How can you tell whether the light you’re seeing in the sky is a star or a planet? The first answer I was given to this question was that stars twinkle but planets shine steadily. Now with my older eyes they all seem to blink on and off, so that answer doesn’t work for me. So the next answer is more complicated, and is one I’ve already hinted at: If you watch the points of light over a period of time you will notice that stars stay in the same place relative to each other: the Big Dipper always looks like the Big Dipper. But the planets move. For Venus, early in December you couldn’t help seeing it when the clouds parted and you looked southeast before the Sun was up. By spring it will be gone, lost in the sunlight. The other planets act the same: they move around relative to the fixed stars, and sometimes they disappear behind the Sun.

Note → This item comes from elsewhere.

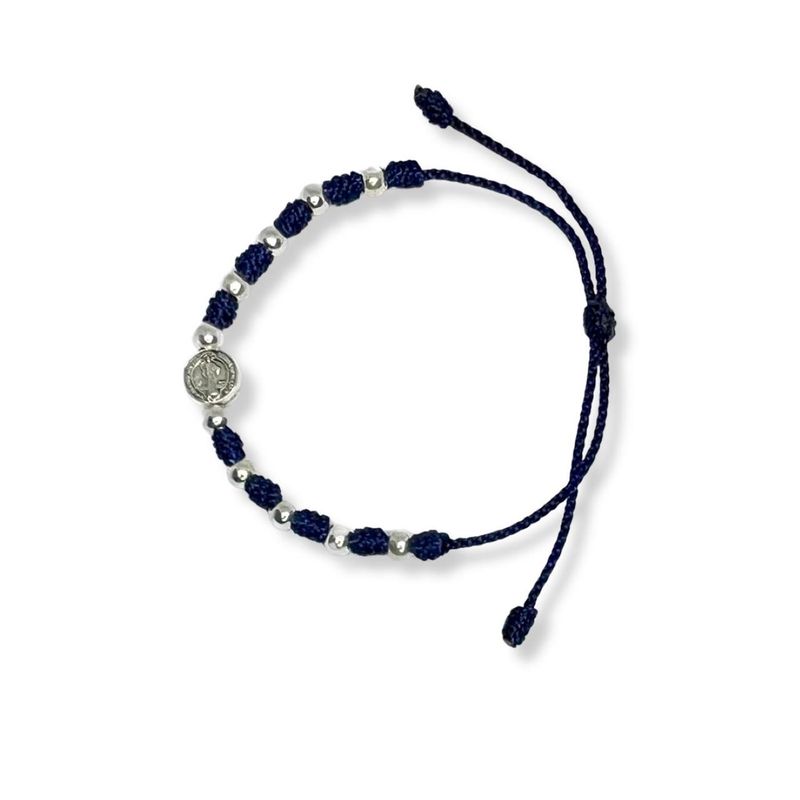 SANTORAL - Pulsera Denario San Benito Nudos - Bijoutería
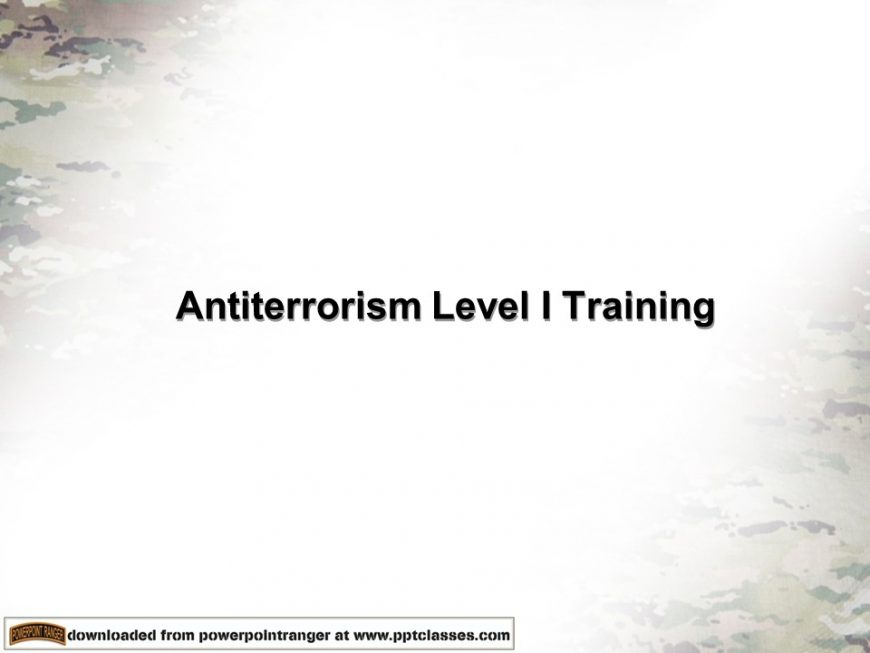Antiterrorism Level I Training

Therefore, another way to determine whether the light is a star or a planet is to know the stars. That’s not quite as hard as it sounds. To start you don’t have to know all the millions of them, or even to begin, all of the 6,000 that people with good eyes can see over the year without help on a clear night in a dark sky. Instead of this, you can start by learning the names of the fifteen brightest—the first magnitude—stars that are visible in our northern sky. At the same time, you can make it easier for yourself if you also learn the groups of stars—the constellations—that these stars are part of.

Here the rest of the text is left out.